30 August 2012
Melissa Mostyn-Thomas reviews Aylesbury's Paralympic Flame Celebration on 28 August with StopGap Dance Company and Rachel Gadsden
‘Bumped into deaf artist Caroline Parker at Aylesbury’s Flame celebration,’ I tweeted yesterday. ‘Signs are good!’
In retrospect, I had set my expectations too high. Born and bred in Aylesbury – and having empowered myself through collaborations with deaf and disabled artists of Parker’s ilk – I’d thought that the pre-opening event would transform the town into a mini-Liberty, with free-range sign language interpreters (SLIs) and live-captioning galore.
How wrong I was. As it transpired, I would only be empowered if I was part of the line-up. Otherwise, I couldn’t be more disenfranchised from my former collaborators if I tried.
If I was the only deaf person attending with the thousands, I wouldn’t be surprised. In the whole of the 12 hours I was there, SLIs were present only on stage, and for a total of three hours. Whenever footage on the big screens constructed in the town’s two main squares switched from Stoke Mandeville – where the lighting of the Paralympic torches took place - to Aylesbury, the live captions also cut out. This left me in the bizarre position of knowing exactly what was happening in the stadium 10 minutes’ drive away, but not when it was right in front of me.
‘We can say with pride that the Paralympics is now the second-largest sporting event in the world,’ Lord Coe, Chairman of the London Organising Committee for the Olympic Games (LOCOG) was saying on screen with a grin. Sure, but to what effect on Aylesbury’s attitudes towards disability?
Much of the afternoon’s entertainment was typical of a town perpetually lacking in artistic vision: mediocre and resolutely local, with world music that simply didn’t appeal to me.
The only visionary (and accessible) spots were both disability-led: StopGAP and Starting Line, a multi-disciplinary collaborative piece involving Rachel Gadsden, Candoco Dance Company and the film-maker Abigail Norris.

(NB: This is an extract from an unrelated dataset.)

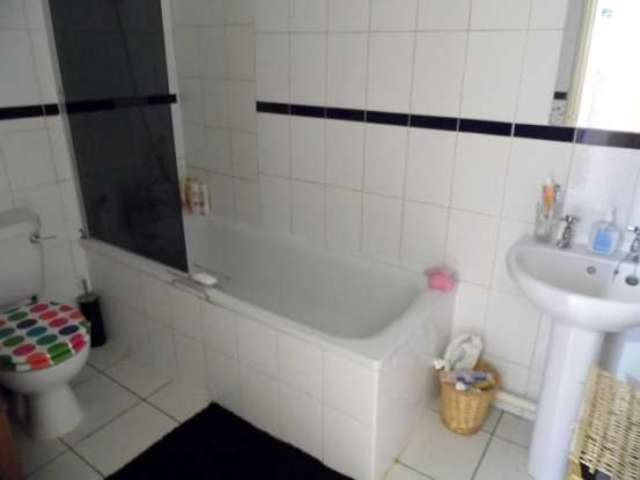  Image of 1 bedroom Ground Flat for sale in Durnsford Road London SW19 at Wimbledon Greater London Wimbledon, SW19 8EE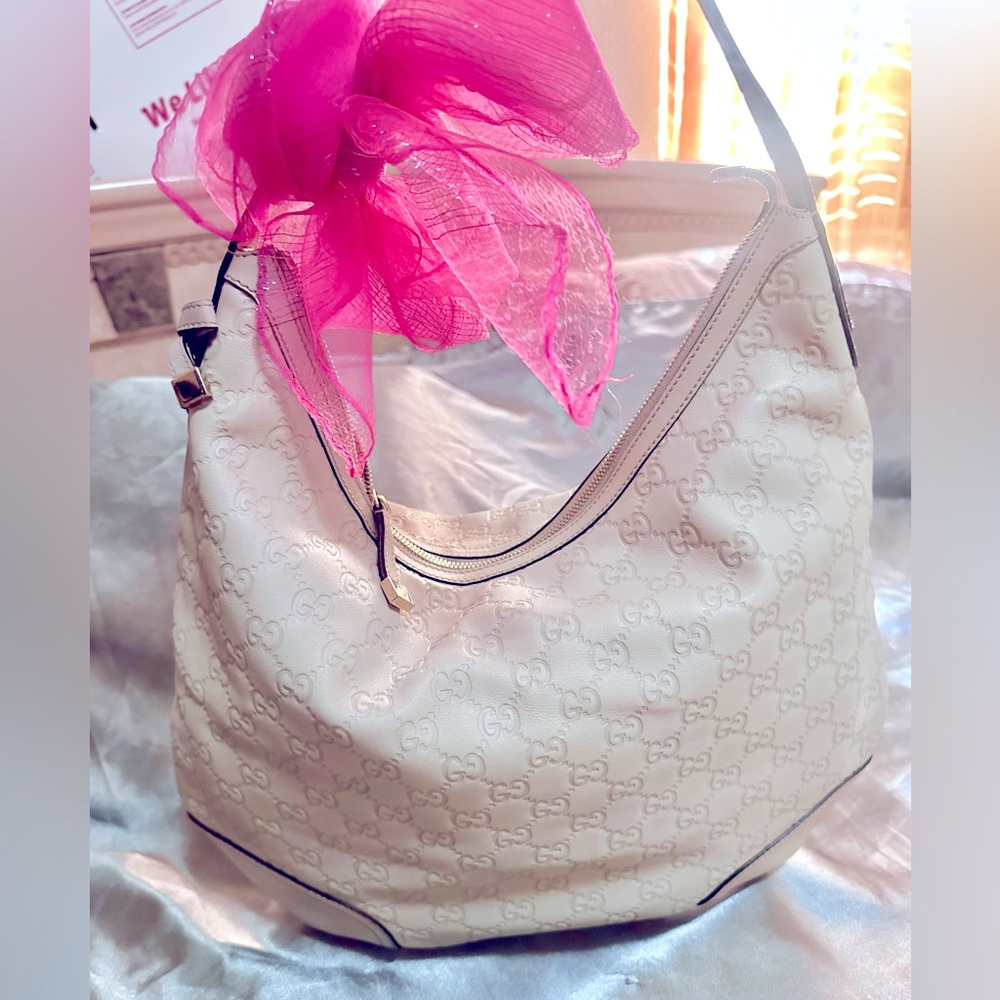 Pre loved Gucci Leather Hobo bag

StopGAP put on SPUN Productions, a 30-minute song-and-dance extravaganza that threw a lowly car mechanic called Dave into the high-glitz world of interactive TV via a dream. Rather like TV channels being flicked through mindlessly, the play’s narrative was deliberately fragmented and packed with subliminal images, notably a garishly made-up TV presenter at large, a roaming TV production crew and a guy in orange braces who just wants to be famous.
Ultimately we wound up sharing Dave’s bemusement as he fumbled through a world where the surreal and the real blended fluidly into one another, to the extent where he feared for both his sanity and his marriage. Exuberant and captivating, as the first StopGAP production I’d seen, SPUN Productions was the perfect introduction to the company’s high-calibre performing values.
Starting Line - which took place after nightfall, in front of Aylesbury’s dignified Magistrates Court - incurred a long wait due to other acts running over time, but was worth it. Alongside a live commentary (in BSL and spoken English) and a big-screen montage of archive footage showing people with spinal injuries in rehab and Paralympians created by Abigail Norris, Rachel Gadsden appeared Guttman-like in glasses and a long white coat. Next to her, disabled dancers in off-white calico shorts and vests - some from Candoco Dance Company – took turns in mimicking athletes participating in various sports.
Eight giant white canvases were wheeled onto the stage, whereupon taking her coat off, Gadsden began to boldly swirl charcoal all over them using her own choreographed moves. The more she swept in between canvases, the more like energetic Paralympians the charcoal marks became – a kind of rehabilitation for the eyes that mirrored perfectly the dreamy archive film montage.
At one point a dancer reined in Gadsden with a long strip of black rubber from behind while she continued to draw, reinforcing her strokes. At another, other dancers boxed Gadsden in her own canvas, leaving us with a smoke of yellow pigment emanating from within. In the end the stage became a gallery of animated black-and-white charcoal drawings infused with adrenaline red and yellow.
A starting line this piece might have been for the profile of high-quality, innovative disability arts in my locality, but I very much doubt that it will lead to improved access to the arts, necessarily.